The funny thing about year-round draft prognostication is that the players projected and analyzed throughout the year are often underclassmen who aren’t guaranteed to enter the NFL Draft. And while it’s usually obvious which underclassmen are cut out for a jump to the next level, they all hold the right to go back and compete at the college level for another year until they’re out of eligibility.
Marcus Mariota, seen by many as the second-best quarterback in the class, has already announced his intentions to stay in school. Today, news broke of two other top prospects at the position who might not enter the draft, either.
According to former scout John Middlekauf, Louisville’s Teddy Bridgewater is not 100% convinced that he should enter the upcoming draft.
So why on Earth would a top-rated quarterback prospect, compared to Aaron Rodgers by many, decide to forego the draft with so many QB-needy teams at the top of the board?
Apparently, there are some scouts in NFL front offices who don’t see Bridgewater as the same can’t-miss prospect many media scouts do.
If Bridgewater were to stay in school, Derek Carr would become the top-ranked quarterback on most boards, and since Carr is a senior, he’s locked in as a candidate for an early pick in the draft.
But who would follow the Fresno State product?

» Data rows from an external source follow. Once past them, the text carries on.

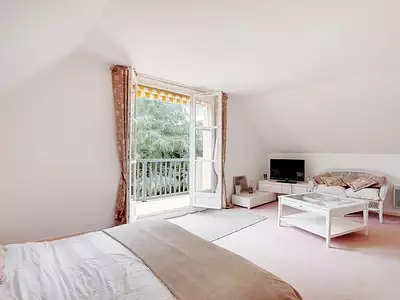 Maison, 202 m²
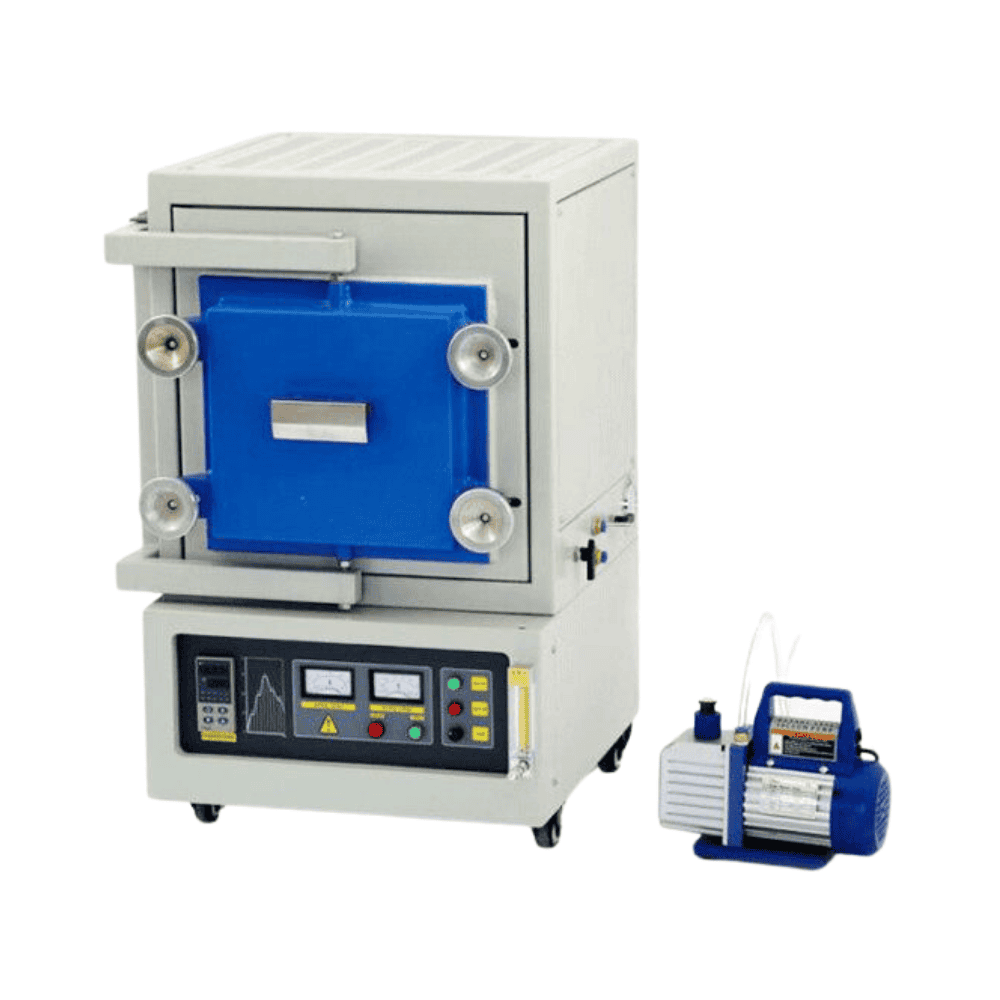 Muffle-Furnace-1200°C-High-Temp-FNC-AS1200-Series.png Muffle Furnace, 1200°C High Temp, CA-FNC-AS1200 Series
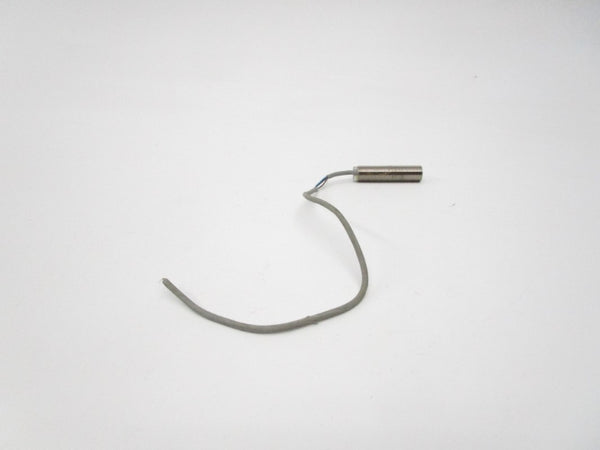 PEPPERL+FUCHS NBB4-12GM50-E0 800732 10-30VDC UNMP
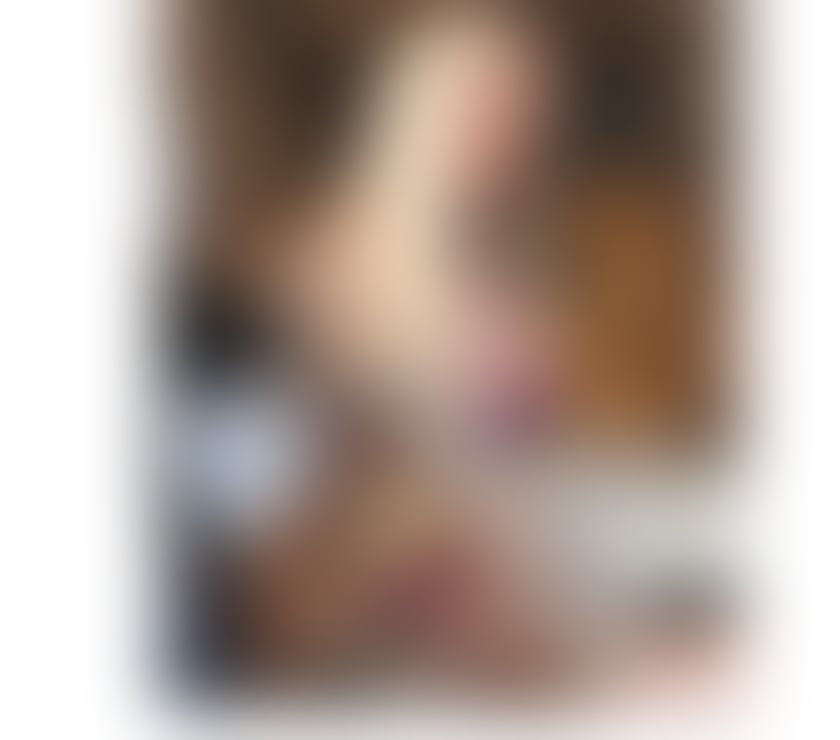 Escorts Sheffield Sheffield - Photos for New and ready for beat ow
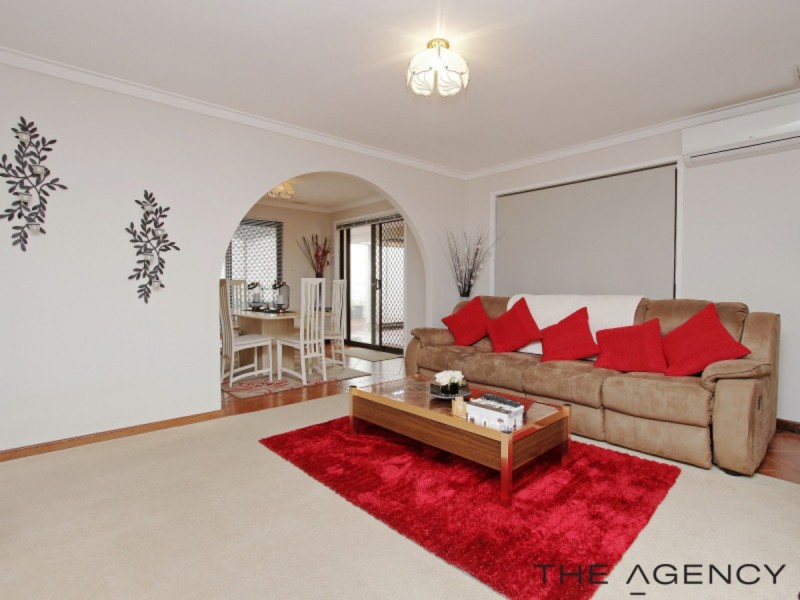 37A Bristol Avenue, Bicton WA 6157
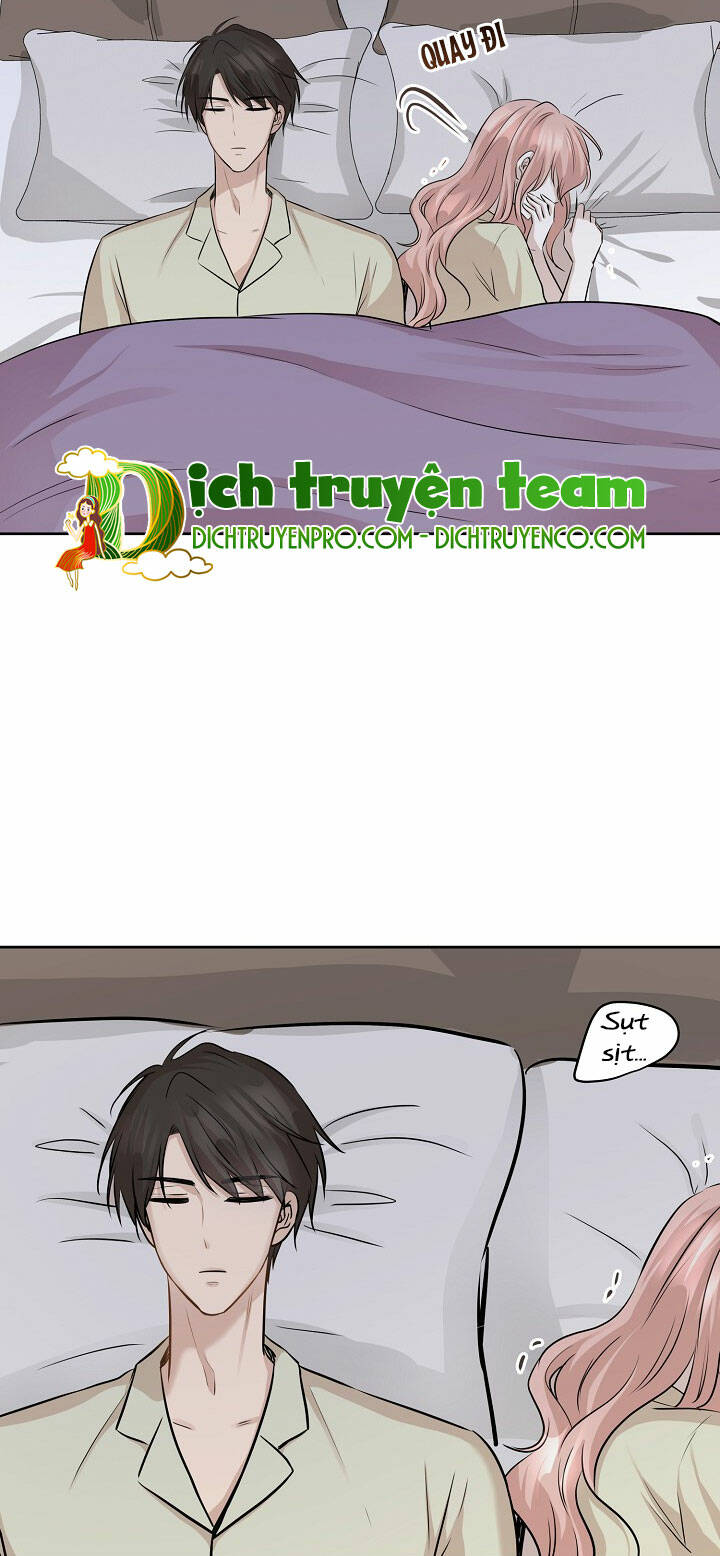 Chương 80 - Trang 71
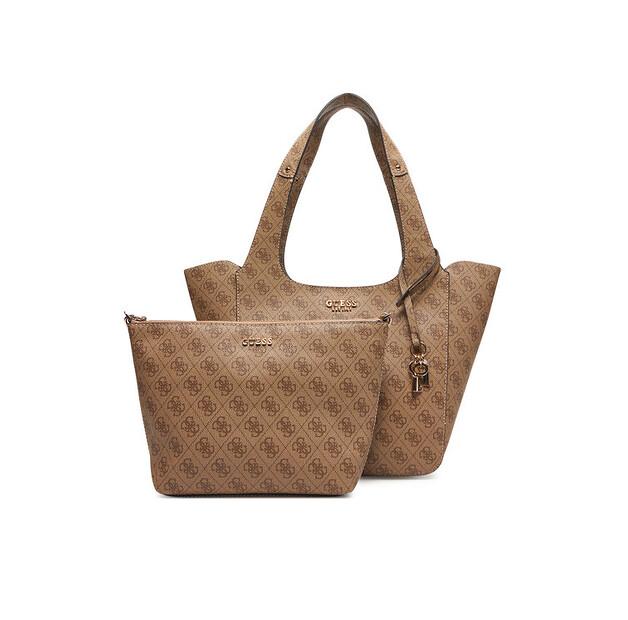 

Сумка Guess HWSG73 34220 коричневый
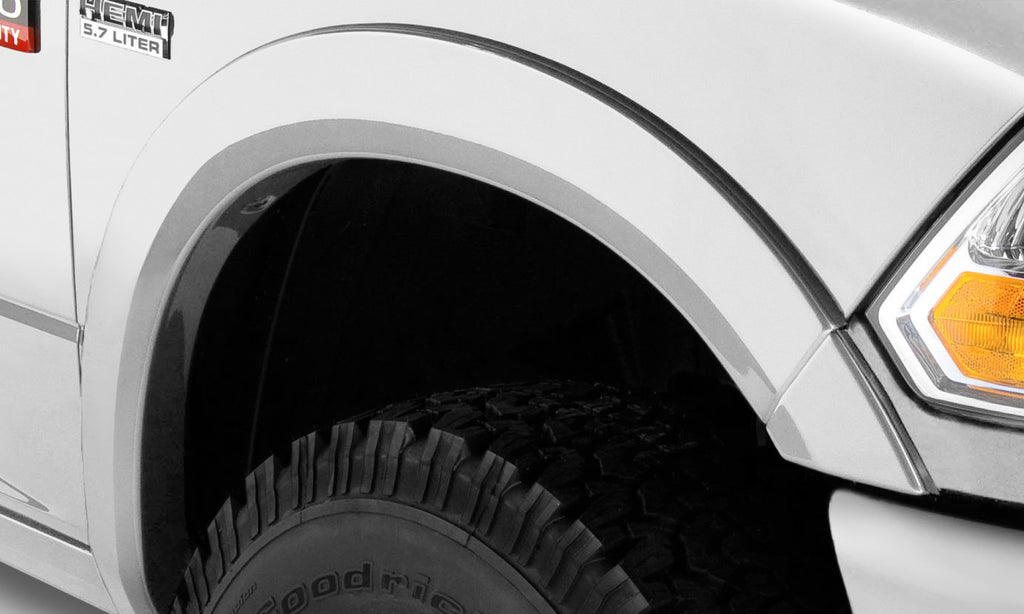 bw_OEstyle_Flares_17-18ram2500_3500_brhtWhtCC_front_50917-15.jpg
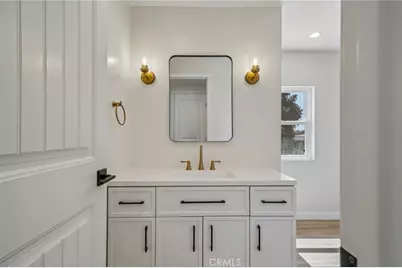 31765 Deborah Lane, Menifee, CA 92584 - Photo 25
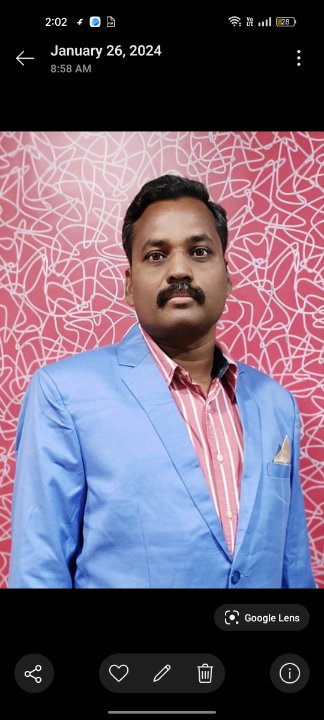 ଦେବରାଜ ବାଣୁଆ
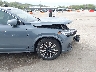 YV4A22PK2L1****** Usados 2020 Volvo XC90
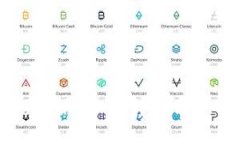 比特儿国际版APP评测与使用指南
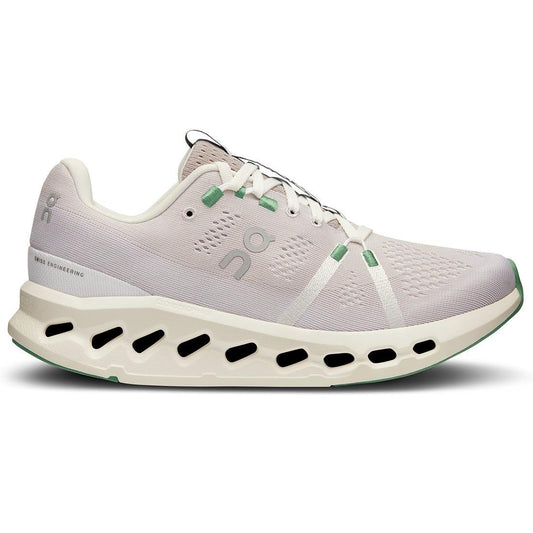 WOMENS CLOUD SURFER
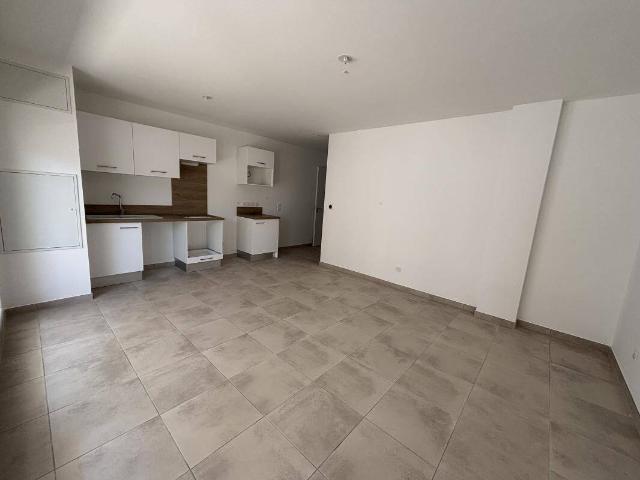 Appartement location à Morières Centre, Morières-lès-Avignon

Many believe that Texas A&M’s Johnny Manziel is a candidate for a very high draft pick, but he’s not a lock to enter the draft, either.
According to Manziel himself, speaking to Dan Patrick on his radio show, the former Heisman Trophy winner would consider a return to College Station if he’s not given a first-round grade by the NFL’s Advisory Committee.
This would thin out the quarterback crop in a serious way, and leave the Buccaneers with very few options at the top of the draft if they choose to pursue a quarterback. Things can (and will) change between now and the draft, but a quarterback class that had many drooling just months ago is now a bit less impressive than many expected.